Chapter 1
When you take a nice long look into Satan’s eyes and she holds your gaze, it’s hard as hell not to soil yourself. It’s her presence that pins you down. The very idea of her that makes you writhe and squirm inside. But on the outside you’re paralyzed. It’s that air of beautiful malevolence that binds you, locks you down, has you submitting. That’s how Carver felt the second Maria laid those gorgeous, deep brown eyes on him. To stand before her was to look into the face of evil.
Right then, he knew his life was over.
Earlier that day, the overly serious young archer, Indigo, woke him where he lay. He was in the dirt, half scooched into an overturned grocery cart, drained into a coma like slumber. Not that it mattered. With her bow slung over her shoulder, her hair pulled up in a ponytail and her clothes tight and showing off her lean physique, she was a young woman Carver knew to take seriously. That’s why he sat up, finger-combed his hair and tried to shield his eyes from the sun enough to get a good look at her.
After setting the ground rules of her generosity, this hardened high-schooler gave him a place to clean up and the privacy he needed. Honestly, he didn’t deserve it. But he wasn’t complaining either. He was a man who went through the motions of something as mundane as washing his face, his neck and his armpits, but these were civilized trivialities in a very uncivilized world, and he didn’t know how to process this.
When Indigo invited him to a communal area for something to eat, he didn’t refuse, even though he should have known better. There he met a cute young blonde named Macy. Hers and Indigo’s interaction was almost like they were sisters, even though it was clear their genetics were different. Looking at them, he wondered if they’d always known each other, or if the fall of civilization marked the start of their friendship.
Perhaps he’d ask them one day. For now, he just loved how back to normal everything felt. Then movement from across the room caught his eye, shook him from his reverie. His heart skipped a beat, sputtered to a near stop, then jumped to a gallop. That was the moment he came face-to-face with Maria.

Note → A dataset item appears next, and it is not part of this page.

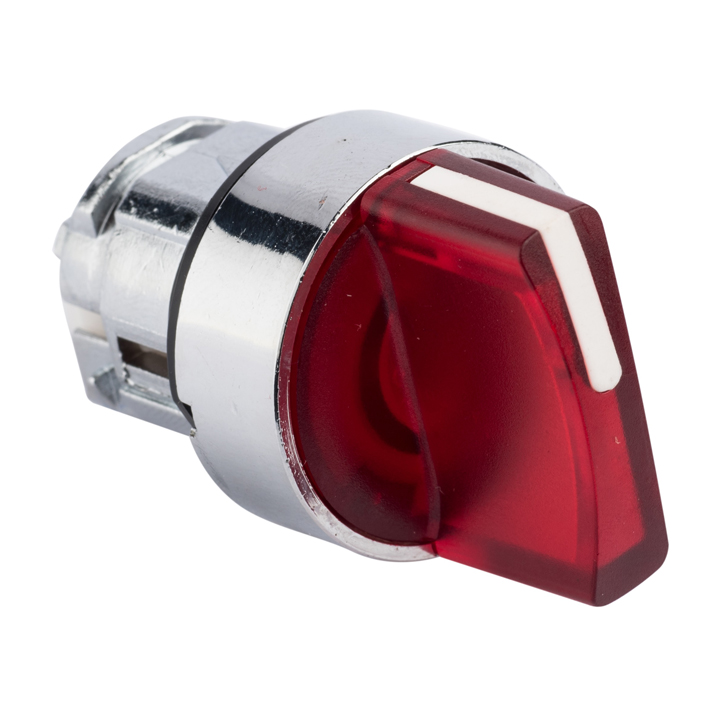 фото Исполнительный механизм переключателя хb4 красный на 2 положения ekf proxima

Paralyzed by a moment of inexplicable terror, he simply stood there, silent and scared.
Having no idea the creature these people let into their midst, Macy and Indigo stepped away and left him with the devil herself.
Maria Antoinette’s cold gaze drew him into her orbit, sealed him in a prison of his own fear. His mouth was suddenly dry, his sphincter dangerously loose. By some miracle he managed an unsteady breath. It felt compulsory, unnatural. Swallowing hard, he tried to get past the canned ham of a lump in his throat, but it was no use. He was in the midst of a predator, perhaps the most lethal the world had ever known.
The very sight of her sent a chill racing up his spine.
In that very moment, as she made her way to him, he realized he was but an ant caught in the shadow of an elephant.
“You didn’t think I knew about you, did you Mr. Gamble?” she asked. “Skulking along behind us like a rat all these weeks?”
A trickle of sweat formed just above his hairline. He tried to swallow again, couldn’t. He dared not blink lest he miss his own murder.
“Of course I knew,” she said, slipping her hand into his. Then, smiling genially, her eyes brightening, she said, “You’re so silly.”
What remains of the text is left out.